Although the steel bands have not yet appeared professionally in the
United States, some of the members of the Casablanca provided a rare treat
for watchers of the parade on West Indian day in the late summer of 1947,
playing with the unique steel band instruments. The listener will notice
that ping-pongs are played at different pitch, i.e. when more than one
player is heard. Here are some of the players in the band on these
records: Philip Dunbar and Don Henry, ping-pongs; Wallace Reed, round disc
of iron; Cocoa, Steel Drum. In addition Sidney Corrington plays an oblong
piece of steel held so that with the forearm, a T-shape is formed - in
this position it can be played the length of the piece of scrap steel, the
fingers helping to vary the tone.
The lyrics on the two vocal sides of the four in the album are
satirical, humorous calypso.

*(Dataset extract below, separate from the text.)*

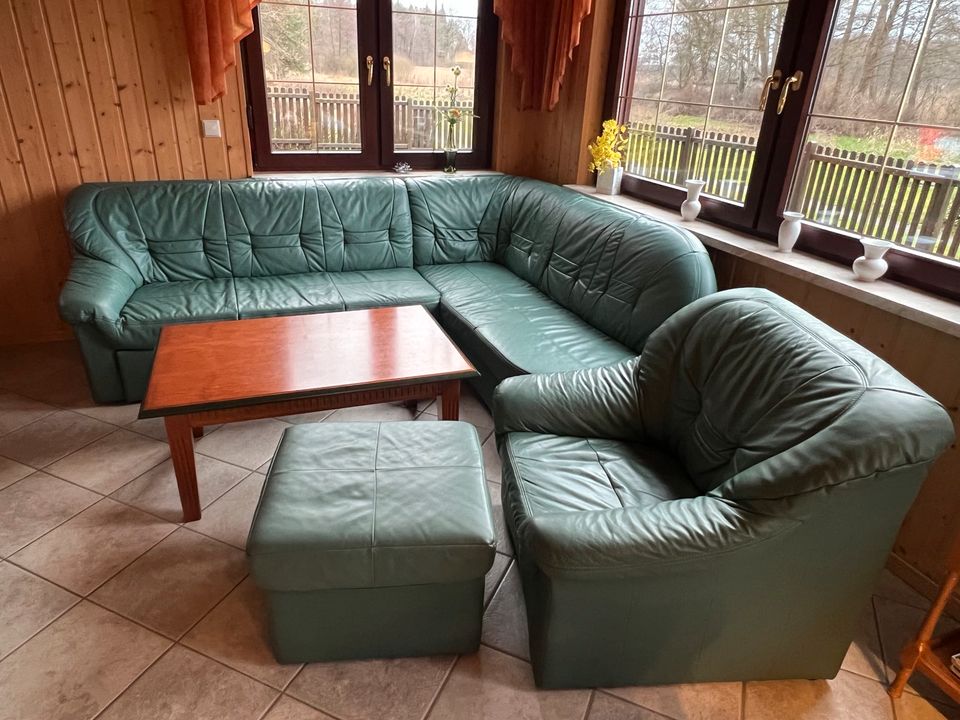 Eckcouchgarnitur, Leder mit Bettfunktion, Sessel und Hocker in Jessen (Elster)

Bandy-legs is perhaps the one you may want to
follow to trace the vagaries of calypso pronunciation. Here they are, with
the pauses between the verses indicated by asterisks, sung by Zigfield(2):
Yes, young ladies, listen,
Don't you think Zigfield is a funny person,
Yes, young ladies, listen
But don't you think Zigfield is a funny person.
I love pretty faces,
Tall and short girls in certain cases -
Well if you want me to fall on my knees and beg,
Only show me bandy-leg.
One night I went to the building
Me and the ugliest girl in the hall were dancing.
She told me, "Zigfield, darling,
I love you more than you can imagine".
I said, "Girl you're too ugly,
Your mouth too big, your nose shaped too funny".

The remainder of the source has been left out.